In 2013, AGOA exports to the United States from sub-Saharan Africa totaled $24.9 billion. Agriculture and food product exports were a mere $262 million of that total and constitute only 5% of all non-crude petroleum exports under AGOA. These agricultural exports are predominantly citrus fruits ($62 million), edible nuts ($58 million), wine ($52 million), and unmanufactured tobacco ($37 million).
The potential for growth in exports in the African agriculture sector is huge; in fact the World Bank estimates the sector as a whole could reach $1 trillion by 2030. But there are significant hurdles that African food producers face before being able to access the U.S. market, and many of the challenges are not unique to agriculture.
Non-tariff barriers to intra-African trade, particularly in the agricultural sector, are huge impediments to growth. Several key challenges facing food producers in particular are: limited access to markets outside of their local market, variability in quality of produce which impacts an ability to find buyers; and a lack of access to finance.
Another big problem African food producers face is inadequate infrastructure, which limits their ability to get goods to market.

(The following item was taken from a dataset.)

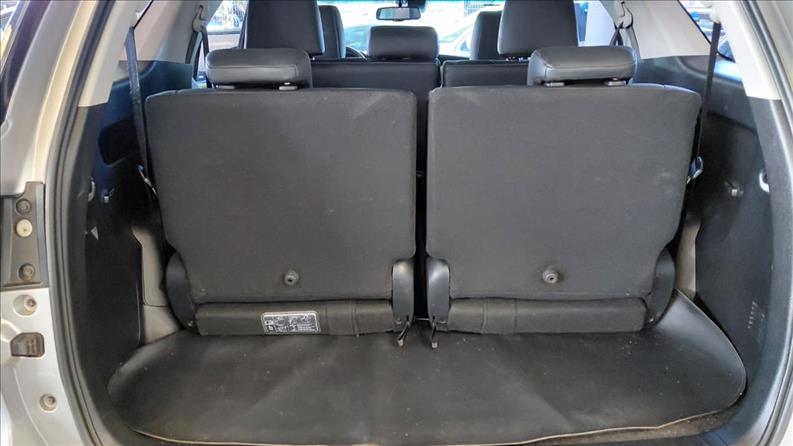  HILUX SW4  2.8 D-4d Turbo SRX 7L 4X4 4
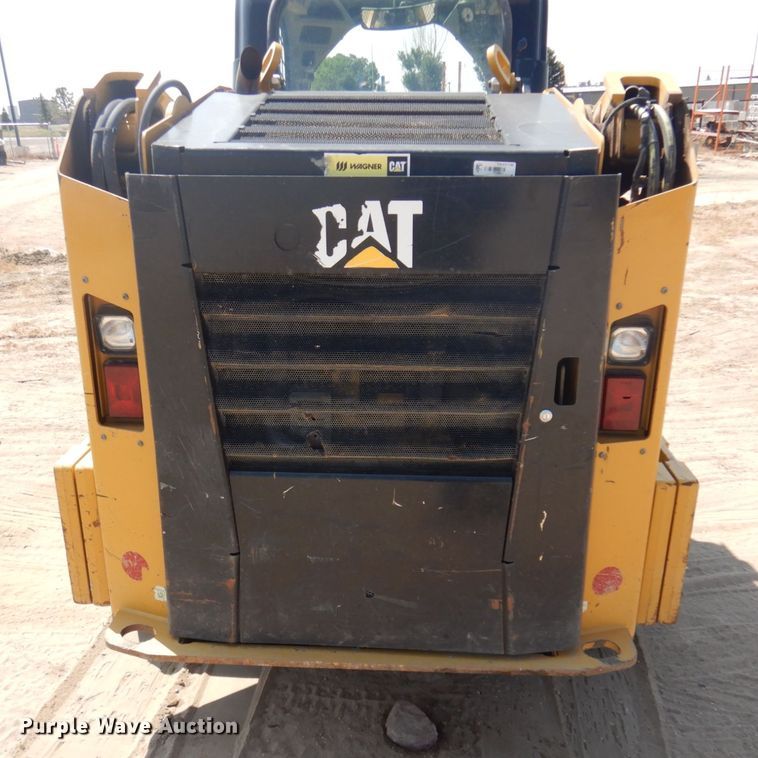 image for item IP9530 2014 Caterpillar 236D  skid steer loader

High transport costs drive up the price of goods, making it difficult to compete with more developed regions. The United States and other donors should increase financial assistance aimed at improving hard infrastructure as well as provide technical assistance to reduce costly delays in moving goods across borders and through ports.

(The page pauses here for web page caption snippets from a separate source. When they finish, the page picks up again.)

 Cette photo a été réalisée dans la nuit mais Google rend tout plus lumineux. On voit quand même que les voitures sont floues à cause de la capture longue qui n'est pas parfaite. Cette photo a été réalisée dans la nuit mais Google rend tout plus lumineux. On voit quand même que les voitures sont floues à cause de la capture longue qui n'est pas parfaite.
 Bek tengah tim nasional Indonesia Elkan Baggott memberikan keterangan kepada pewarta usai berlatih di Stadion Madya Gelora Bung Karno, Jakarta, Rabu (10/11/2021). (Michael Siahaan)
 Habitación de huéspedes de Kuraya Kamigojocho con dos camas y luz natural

Technical Assistance and Capacity building
Participating in the global trading system requires the ability to meet standards, regulations, testing and certification requirements. Many African countries, particularly the Least Developed Countries (LDCs), lack the capacity to do so, limiting their ability to export agricultural goods. The United States and other donors must work to provide the technical assistance and training needed to understand and meet these requirements.
For example, sanitary and phyto-sanitary standards (SPS) ensure that food is safe to import. Meeting the U.S. standards is a very high bar for resource-poor African food producers. The U.S. Department of Agriculture should provide technical assistance on how to navigate this complex process, and help build countries capacity to help farmers meet our standards.
Access to U.S. markets
The U.S. should eliminate all tariffs and quotas on agricultural exports from AGOA-eligible countries, especially from LDCs. Brookings estimates that eliminating tariffs alone would increase exports by over $105 million compared to what it would be otherwise in 2025, with only minor reductions in U.S. production.
As African food producers are able to export more products and earn greater profits, their local economies will improve. As their local economies grow, new opportunities for investment will open up for U.S. companies to enter into the African market. Thus, the benefits of increased trade run in both directions.
Today, the US House of Representatives passed legislation that will reauthorize AGOA for the next ten years. We hope that following AGOA’s reauthorization, officials at the U.S. Trade Representative and other federal agencies will focus on how to address barriers to trade in Africa, and we urge them to prioritize agriculture in all future trade negotiations with African countries.
ONE wants to see trade barriers carefully lifted in a way that benefits the very poorest in African communities. Agriculture, trade and development are intrinsically linked, and AGOA affords the United States an opportunity to set an approach to trade that has boosting agricultural activity for the poorest, and development objectives at its heart.